Univ. Klinik für Innere Medizin II, Medizinische Universität Wien, Währinger Gürtel 18-20, A-1090, Wien, Austria.
Photon Science, Deutsches Elektronen-Synchrotron (DESY), Notkestr. 85, D-22607 Hamburg, Germany.
Biometals. 2021 Apr;34(2):341-350. doi: 10.1007/s10534-020-00284-8. Epub 2021 Jan 23.

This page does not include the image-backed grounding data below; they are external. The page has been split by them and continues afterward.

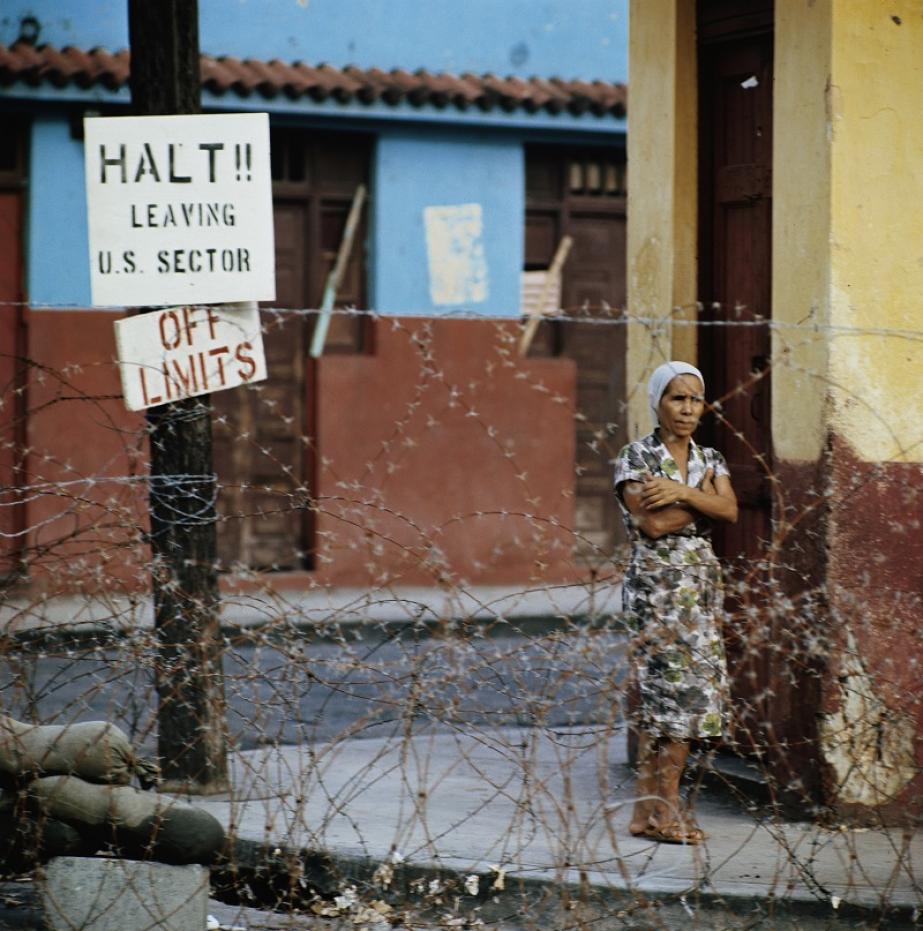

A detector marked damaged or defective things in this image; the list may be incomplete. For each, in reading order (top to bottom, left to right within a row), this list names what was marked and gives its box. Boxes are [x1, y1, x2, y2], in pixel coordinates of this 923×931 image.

peeling paint [824, 632, 916, 808]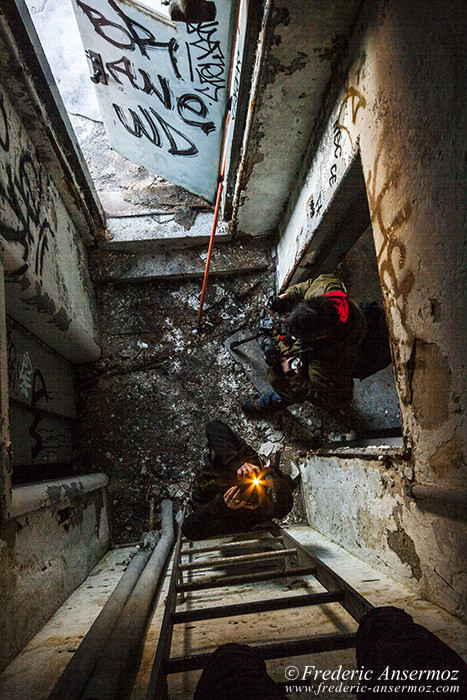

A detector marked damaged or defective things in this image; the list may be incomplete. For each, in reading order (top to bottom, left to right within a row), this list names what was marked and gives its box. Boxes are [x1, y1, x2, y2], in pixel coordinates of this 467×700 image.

peeling paint wall [0, 490, 109, 668]
peeling paint wall [280, 0, 466, 616]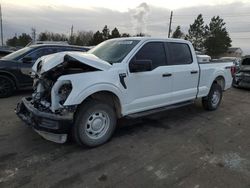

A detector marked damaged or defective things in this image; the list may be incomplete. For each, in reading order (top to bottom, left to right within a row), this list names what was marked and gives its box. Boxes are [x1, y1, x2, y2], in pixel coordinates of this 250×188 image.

crushed front bumper [16, 97, 73, 143]
damaged front end [15, 52, 108, 143]
crumpled hood [32, 51, 112, 74]
damaged car [15, 37, 234, 147]
damaged car [233, 55, 250, 89]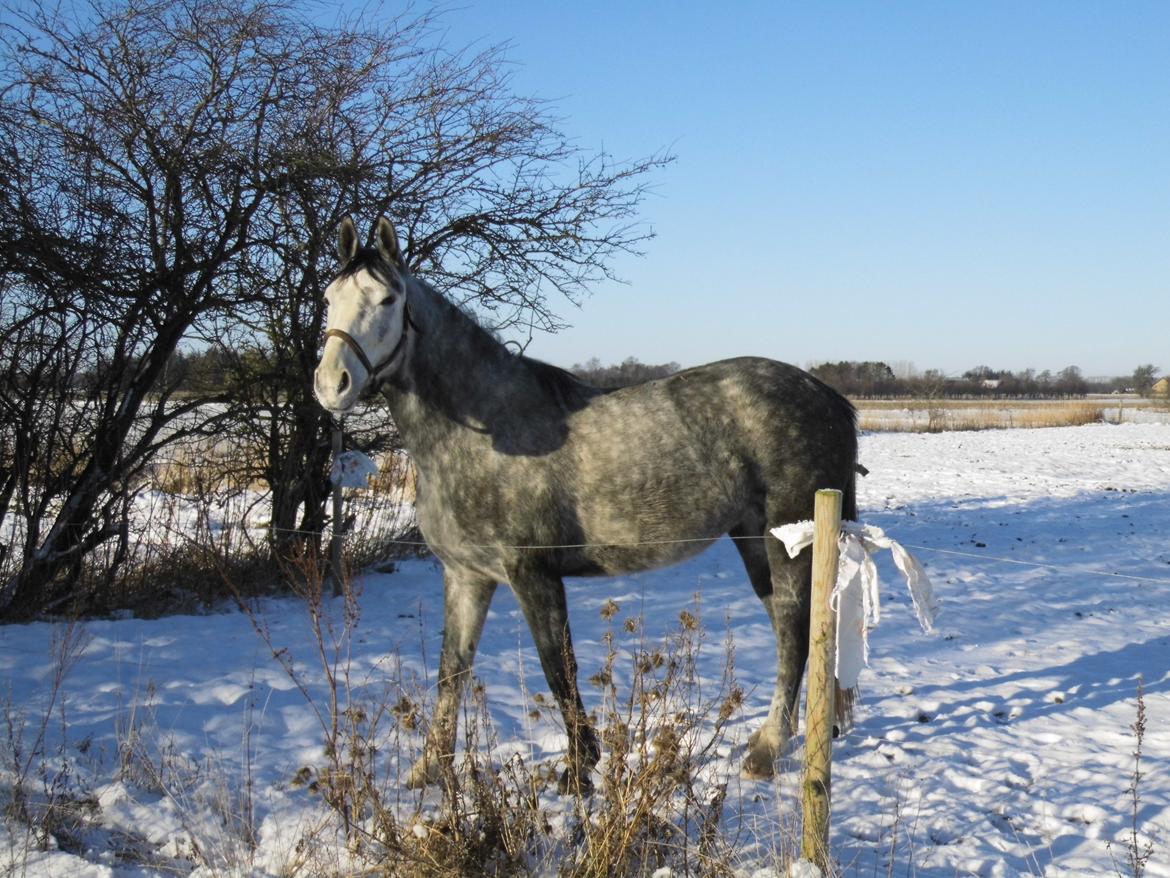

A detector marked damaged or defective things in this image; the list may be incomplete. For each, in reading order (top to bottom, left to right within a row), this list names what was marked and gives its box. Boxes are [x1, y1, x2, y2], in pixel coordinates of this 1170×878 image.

torn white rag [329, 449, 379, 491]
torn white rag [767, 522, 940, 688]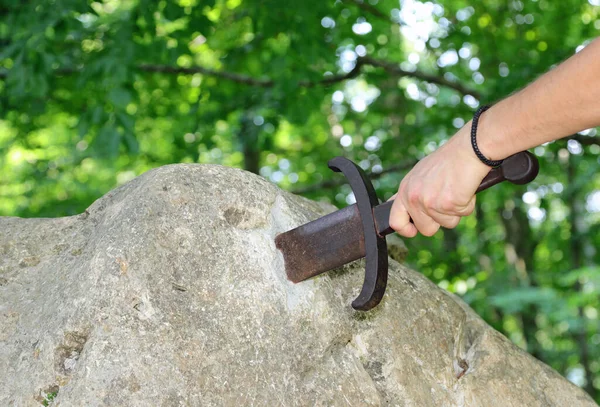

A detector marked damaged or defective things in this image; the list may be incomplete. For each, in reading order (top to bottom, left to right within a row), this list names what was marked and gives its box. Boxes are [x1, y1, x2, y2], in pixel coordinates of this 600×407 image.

rust stain on blade [274, 204, 366, 284]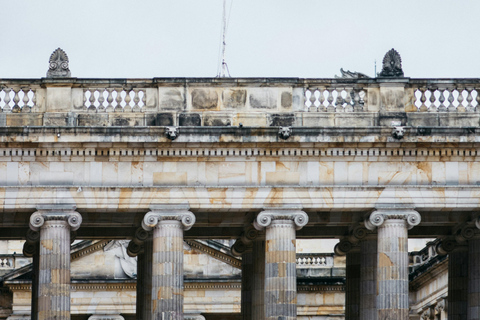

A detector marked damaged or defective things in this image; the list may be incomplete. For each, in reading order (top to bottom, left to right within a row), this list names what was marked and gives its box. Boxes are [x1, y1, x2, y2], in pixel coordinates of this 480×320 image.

rust-stained stone [193, 89, 219, 110]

Aims of this study were to investigate gadolinium (Gd) in kidney tissue from a female patient with severe renal failure, who had a magnetic resonance imaging (MRI) with Gd-based contrast agent (GBCA) three times prior to kidney transplantation. Secondly to assess (semi-)quantitatively the Gd concentration in renal tissue and the spatial distribution of Gd in association to suspected co-elements such as calcium (Ca) and zinc (Zn). Archival paraffin embedded kidney tissue was investigated by micro Synchrotron X-ray fluorescence (µSRXRF) at the DORIS III storage ring at beamline L, HASYLAB/DESY(Hamburg, Germany). Elementary gadolinium (Gd) could be demonstrated in a near histological resolution in areas of about 2 × 1.5 mm of size. Mean Gd resulted in 200 ppm with a huge width of distribution (Gd-max: 2000 ppm). In kidney cortex Gd was in-homogeneously, but not randomly, distributed. Gd was verified throughout the investigated tissue. Low Gd was predominately concentrated either in areas with focally atrophic tubules or in areas with totally preserved uriniferous tubes. Moreover, strong correlations existed between Gd and calcium (Ca) or Gd and zinc (Zn) or Gd and strontium (Sr) distribution. Throughout our analysed areas copper (Cu) was nearly homogeneously distributed and Cu association to Gd could not be established, and also not for Gd to Fe. Gd in glomeruli was relatively reduced compared with mean Gd-values, while iron (Fe) distribution clearly demarks glomeruli mostly due to red blood cell iron in these capillary convolutes. Quantitative µSRXRF analysis provided an insight in element spatial distribution of Gd in the renal cortex. The strong correlation of the spatial distribution and associations between elements like Ca, Zn and Sr let us suspect that these elements are involved in the cell metabolism of GBCA. Low Gd in areas with extreme fibrosis and tubule atrophy or in areas with histologically intact tubes, let us suspect that on the one side Gd cannot be transported and deposited into these tissue areas and on the other side we assume that intact renal tubes do not reabsorb and store excreted Gd.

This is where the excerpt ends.